The land on which Reveille was built was originally part of a tract of 417 acres in Henrico County, purchased by Darcey Southall of Amelia County in 1750. In 1757 Southall deeded 100 acres to his son Turner, then living in Henrico County. Turner died in 1791, leaving some confusion as to the ultimate disposition of his estate. The estate became the subject of much family dissension and litigation. Finally on May 18, 1831, a decree of the Henrico County Court ordered that a public auction of the tract of land called “The Brick House” be held on the premises and sold to the highest bidder.
The advertisement required by the court described the tract as “land formerly owned by Col. Turner Southall and sometimes called, ‘Westham Tract’.” The notice stated that it contained 60 acres and suggested that “the brick house, at moderate expense, might be repaired and made a desirable place for a family residing in town to retire during the summer months.” The statement implies that the house was neglected from the time of the estate litigation to 1831, when it was sold at auction.
The actual date of erection and the builder of Reveille are uncertain. It is known from the 19th-century dairy of Miss Rebecca William s that her family lived in the house circa 1806, when it was apparently rented. In plan the house does not follow the typical model of the country house as suggested in pattern books, but rather typifies the side-hall plan house that became popular in the Federal townhouse.

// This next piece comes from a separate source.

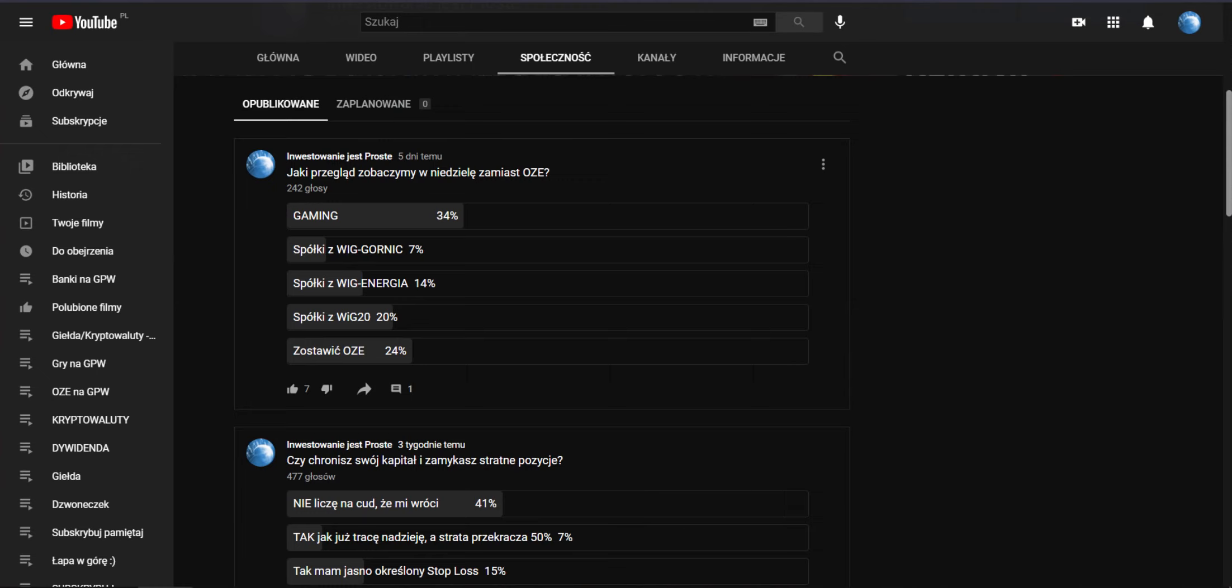Finalnie się zakończyło, mamy 242 oddane głosy i gaming zwyciężył 34% oddanych głosów. Pod tym mieliśmy spółki ZWIG Górnictwo 7%, spółki ZWIG Energia 14%, spółki ZWIG 2020 i OZE 24%. Czyli za tydzień w niedzielę zobaczymy sobie OZE, a w poniedziałkowej ankiecie również odrzucę gaming, być może będziemy mieć jakąś kontynuację.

Indeed, the prototype for Reveille is found in houses that were erected in the City of Richmond circa 1790 to 1820. It is unfortunate that most of the salient examples have been destroyed.
The west wing containing the dining room was added in 1839. It was at this time that the house received its Greek Revival trim from improvements made by James M. Boyd, who sold the house in 1842.

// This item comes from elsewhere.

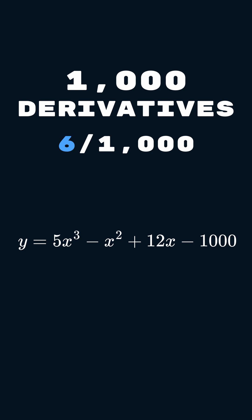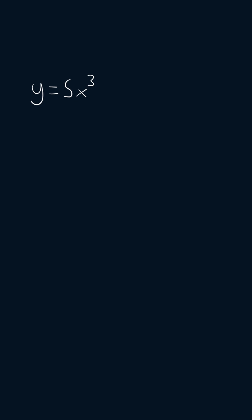Alright, this is day six of doing 1,000 derivatives, one every single day, and today's derivative is y equals 5x cubed minus x squared plus 12x minus 1,000.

“Improvements” were further made by Dr . Richard A. Patterson, who acquired Reveille in 1869. Patterson reputedly replaced the original mantels with “grander” examples and the original front porch with a larger one. The next renovation occurred in 1920 when the kitchen wing was added by Elizabeth Crutchfield, who also attempted to restore the house to its original appearance. In 1950 the property and house were acquired by the Reveille United Methodist Church, a Methodist congregation formed from the merger of the Monument and Union Station Methodist Churches. Reveille presently houses the administrative offices of the church.
The church, in fact, effectively conceals the presence of the house. Despite the fact that the address is Cary Street, it is not visible from the road, hidden away behind the sanctuary, and the bell tower.